И Лея опять осталась правой, а я, хотя и твердо знал, что воистину-то прав я, – полюбил ее еще больше за ее какую-то неприкосновенность и неуловимость.
Не знаю, впрочем, можно ли сказать, что я ее любил. Я ею восхищался и необыкновенно ее боялся. Первое время, если нам случалось оставаться вдвоем, я окончательно немел, в спине у меня холодело и являлось чувство, будто я тихо ползу вниз. Но она постаралась меня ободрить. Скоро я приметил, что в большом обществе она смеется над всеми, презрительна со всеми – и, конечно, не щадит насмешками и меня, а чуть останется со мной наедине – делается совсем другая, серьезнее, милее, даже ласковее. Я было начал этому радоваться, когда случайно открыл, что она с каждым вдвоем делается ласковее и милее.
Ей все были нужны, она решительно никем не брезговала. Они ей нужны были, поскольку каждый мог ее любить. Это я понимал, но думал, что, хотя этого никто никогда не узнает, я, по существу, нужнее других, потому что, наверно, никто не обижал ее так, как я.
Все были нужны, – так я говорил себе, но порою казалось, что, в сущности, ей никто не нужен. Я стал пренебрегать своими занятиями – так пристально и серьезно изучал я характер этой девушки. Я радовался, когда видел ее ласковость с другими – потому что скоро выучился угадывать за всякой ласковостью – смех, злобу и презрение.

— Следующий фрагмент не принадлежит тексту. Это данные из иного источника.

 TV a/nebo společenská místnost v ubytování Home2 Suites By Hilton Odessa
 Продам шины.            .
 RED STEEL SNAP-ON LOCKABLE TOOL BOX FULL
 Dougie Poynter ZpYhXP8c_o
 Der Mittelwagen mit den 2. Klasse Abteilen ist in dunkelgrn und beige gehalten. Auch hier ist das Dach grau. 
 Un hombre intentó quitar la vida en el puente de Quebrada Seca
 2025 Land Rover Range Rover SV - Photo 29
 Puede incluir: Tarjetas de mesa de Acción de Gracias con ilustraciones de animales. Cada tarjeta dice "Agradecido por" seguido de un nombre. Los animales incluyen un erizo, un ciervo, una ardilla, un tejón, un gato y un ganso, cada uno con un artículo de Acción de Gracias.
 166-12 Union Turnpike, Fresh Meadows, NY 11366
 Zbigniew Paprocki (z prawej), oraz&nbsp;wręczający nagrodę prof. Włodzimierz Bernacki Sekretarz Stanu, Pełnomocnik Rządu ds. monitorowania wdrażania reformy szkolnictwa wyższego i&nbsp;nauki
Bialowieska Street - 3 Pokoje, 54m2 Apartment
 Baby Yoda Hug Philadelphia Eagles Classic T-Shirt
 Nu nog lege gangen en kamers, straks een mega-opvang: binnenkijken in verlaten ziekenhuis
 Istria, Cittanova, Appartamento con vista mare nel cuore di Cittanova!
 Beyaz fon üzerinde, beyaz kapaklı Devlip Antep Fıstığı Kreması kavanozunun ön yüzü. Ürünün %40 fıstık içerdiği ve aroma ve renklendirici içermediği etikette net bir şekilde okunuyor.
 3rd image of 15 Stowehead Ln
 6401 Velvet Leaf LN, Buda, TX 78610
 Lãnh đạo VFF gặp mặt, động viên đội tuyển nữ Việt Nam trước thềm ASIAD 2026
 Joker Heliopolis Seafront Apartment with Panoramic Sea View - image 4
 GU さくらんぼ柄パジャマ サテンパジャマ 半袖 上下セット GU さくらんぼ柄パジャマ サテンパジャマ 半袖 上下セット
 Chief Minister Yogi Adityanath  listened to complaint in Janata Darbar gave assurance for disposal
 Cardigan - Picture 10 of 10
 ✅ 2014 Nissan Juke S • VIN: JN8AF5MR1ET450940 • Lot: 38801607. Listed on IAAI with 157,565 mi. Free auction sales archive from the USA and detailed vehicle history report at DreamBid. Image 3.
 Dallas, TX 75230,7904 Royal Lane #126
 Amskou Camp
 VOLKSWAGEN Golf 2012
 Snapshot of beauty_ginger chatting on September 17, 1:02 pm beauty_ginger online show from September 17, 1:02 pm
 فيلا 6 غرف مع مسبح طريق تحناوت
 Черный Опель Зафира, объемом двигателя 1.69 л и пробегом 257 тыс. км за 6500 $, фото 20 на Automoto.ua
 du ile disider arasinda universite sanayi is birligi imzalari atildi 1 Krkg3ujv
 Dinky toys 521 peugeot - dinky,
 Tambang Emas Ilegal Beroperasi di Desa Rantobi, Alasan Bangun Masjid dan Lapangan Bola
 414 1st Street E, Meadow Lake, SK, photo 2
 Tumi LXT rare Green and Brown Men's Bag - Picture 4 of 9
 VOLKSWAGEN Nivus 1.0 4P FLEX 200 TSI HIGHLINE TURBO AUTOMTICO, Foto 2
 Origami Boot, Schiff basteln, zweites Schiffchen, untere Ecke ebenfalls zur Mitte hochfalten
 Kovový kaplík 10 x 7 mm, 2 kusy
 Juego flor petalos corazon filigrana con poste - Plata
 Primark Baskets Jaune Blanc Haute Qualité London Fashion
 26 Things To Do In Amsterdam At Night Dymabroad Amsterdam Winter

Только если она ко мне делалась добра – я не видел дальше доброты и начинал ей верить.
Был уже конец апреля. Погода стояла жаркая. Деревья давно распустились. На Михайловской улице, прямой, как стрела, ведущей на берег Куры, в городской сад – сделалось тенисто и весело. А по утрам, когда поливали шоссе и усталые листья акаций, было влажно, и свежо, и ароматно – от целых ворохов мокрых роз на лотках уличных продавцов. Я любил вставать рано и пойти один куда-нибудь: за город, в поле – оно начиналось сейчас же за садом. В поле, версты за две, есть маленькая белая церковь и кладбище – под названием Дидубе. Церковь православная, но служат в ней по-грузински все дни недели, кроме понедельника. По понедельникам туда собираются русские богомольцы.
Я люблю Дидубе, в нем есть что-то скромное, тихое и простое. У церкви могила моего дяди. Я дядю почти не помнил, он умер, когда мне исполнилось всего шесть летно знаю, что он был артист, музыкант, красивый, и умер от чахотки в очень молодых годах. Его скрипка и до сих пор у нас. Я пробовал учиться, но как-то времени нет. А способности у меня, по всей вероятности, прелестные.
И вот я пошел в Дидубе. Утро было раннее, около семи часов, в сырых и темных аллеях сада было почти холодно – я обрадовался, когда миновал ворота и вышел на открытое место. Вдали на фоне гор, невысоких, покрытых теперь светло-зеленою травою, уже белела церковь Дидубе. Я шел бодро и весело – и не помню, о чем думал. Только мне было очень хорошо.